Exercise objective: Given the entries below, would you transcribe exactly the lines starting at the one with "What is the" and ending at the one with "For my substrate", both kept, pictures omitted, nothing extra?

== Records shown

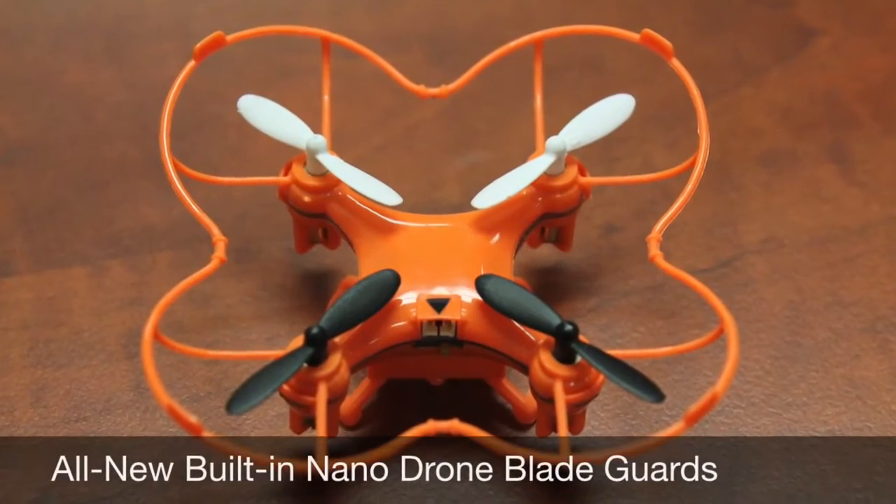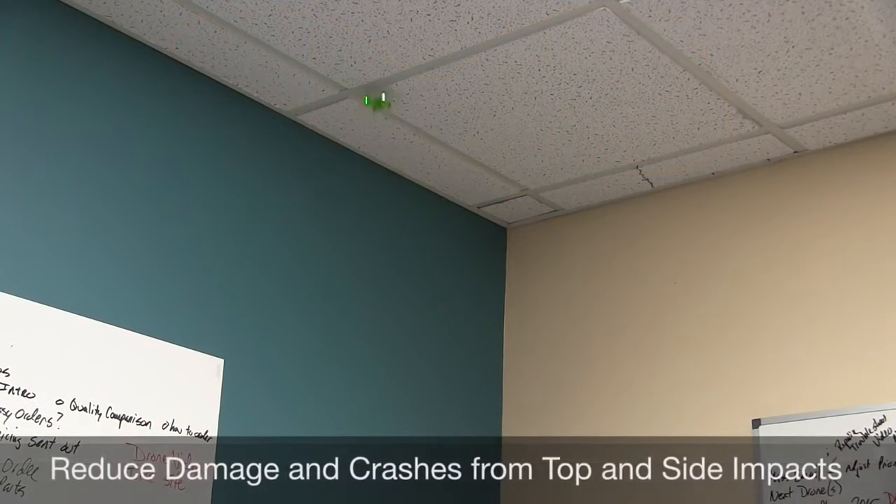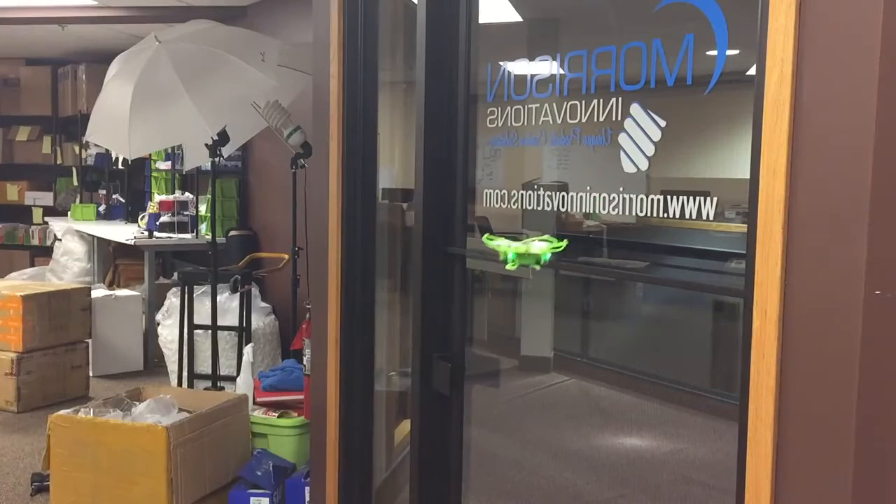Our patent-pending blade guard design allows the new nano drone to lightly bump ceilings and walls without causing the blades to fly off, which previously resulted in short flight times, devastating crashes, and the need for repairs. While not indestructible, the new design is certainly more forgiving.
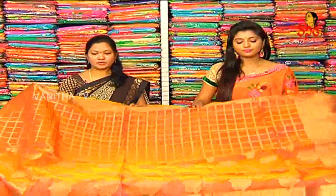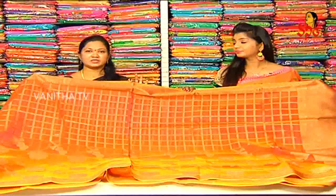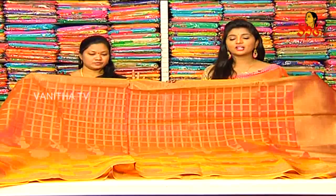What is the price? We will offer 1831 rupees for the color combination. However, the number of varieties is not available. So, 1831 rupees for the saree available. Next, let's take a look.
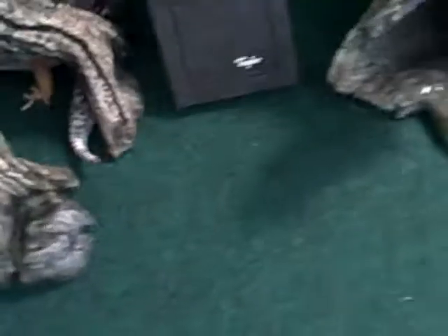For my substrate or bedding, I have a green repti carpet. I do recommend this — it's the best. I love it; it's so easy to clean. I just cleaned it, so it's all nice and clean.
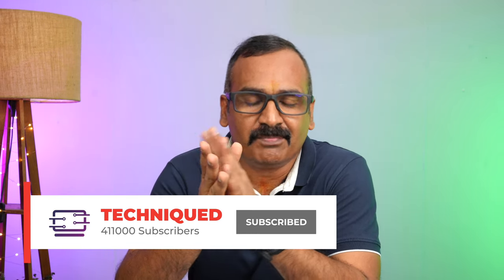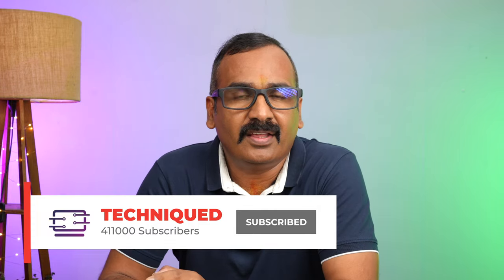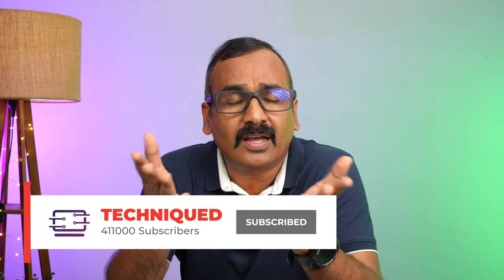In case you are not subscribed to our channel, do hit that subscribe button and the bell icon to get notified of all the videos we publish. Now, the Honor 90 is making a comeback with the Honor brand. It's one of the really good devices, especially the 200 megapixel camera, which we have been talking about in our detailed review and camera review — it's definitely one of the really good cameras out there.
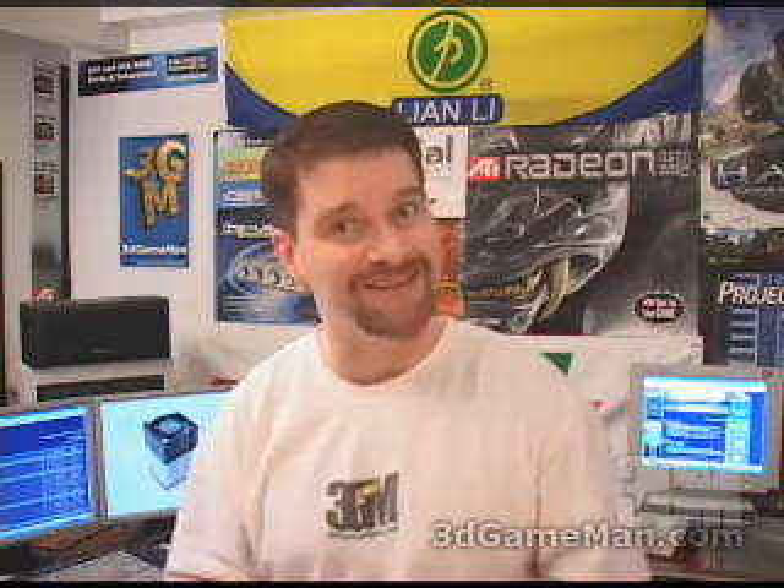Again, my name is Rodney Reynolds and this has been another video review. Be sure to check back very soon — I'll have a brand new one for you. Also, visit my website at www.3dgameman.com, where you can go into the forums and register. Registration is completely free, and you can find out a lot more about this product in the forums. Until next time, take care.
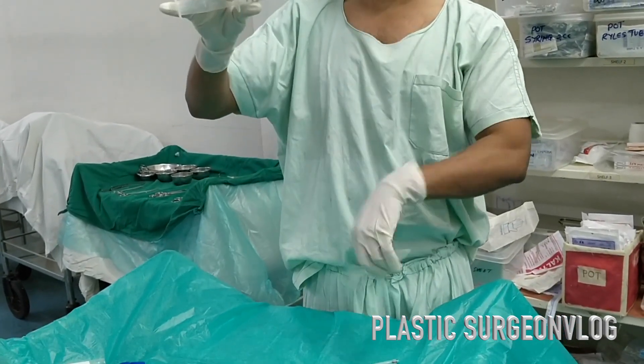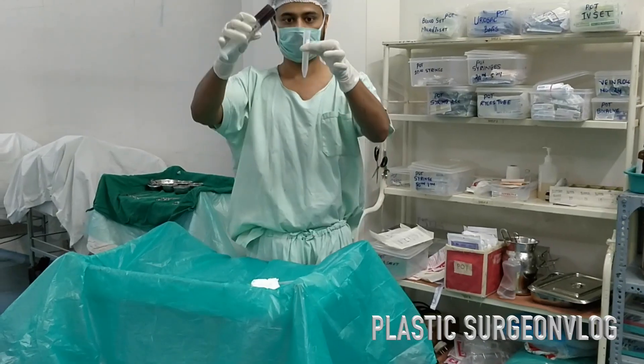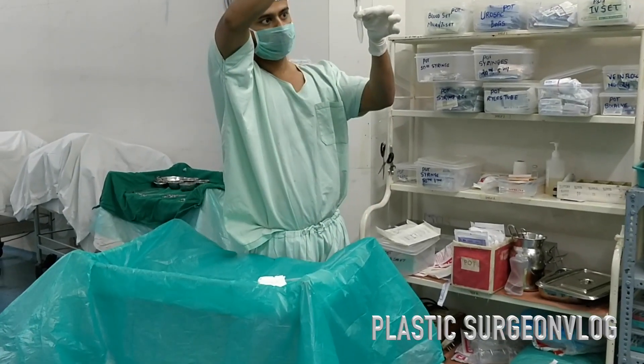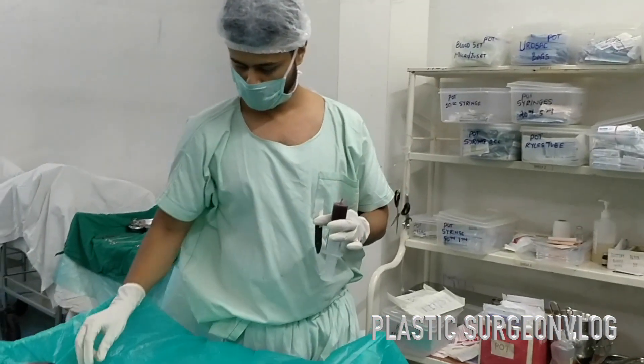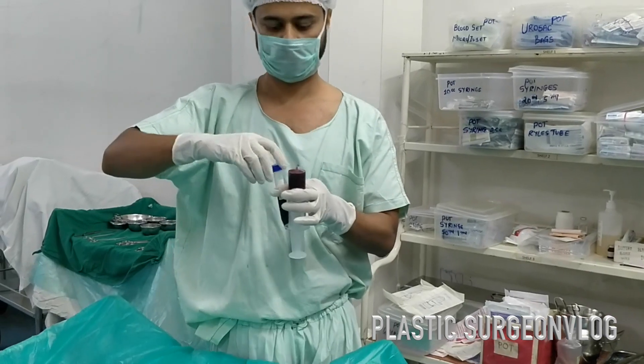I have already collected the patient's blood in an anticoagulant solution, and now I am putting this patient's blood into the falcon test tube for the process of centrifugation.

====

Solution for this problem:
What is the price? We will offer 1831 rupees for the color combination. However, the number of varieties is not available. So, 1831 rupees for the saree available. Next, let's take a look.
For my substrate or bedding, I have a green repti carpet. I do recommend this — it's the best. I love it; it's so easy to clean. I just cleaned it, so it's all nice and clean.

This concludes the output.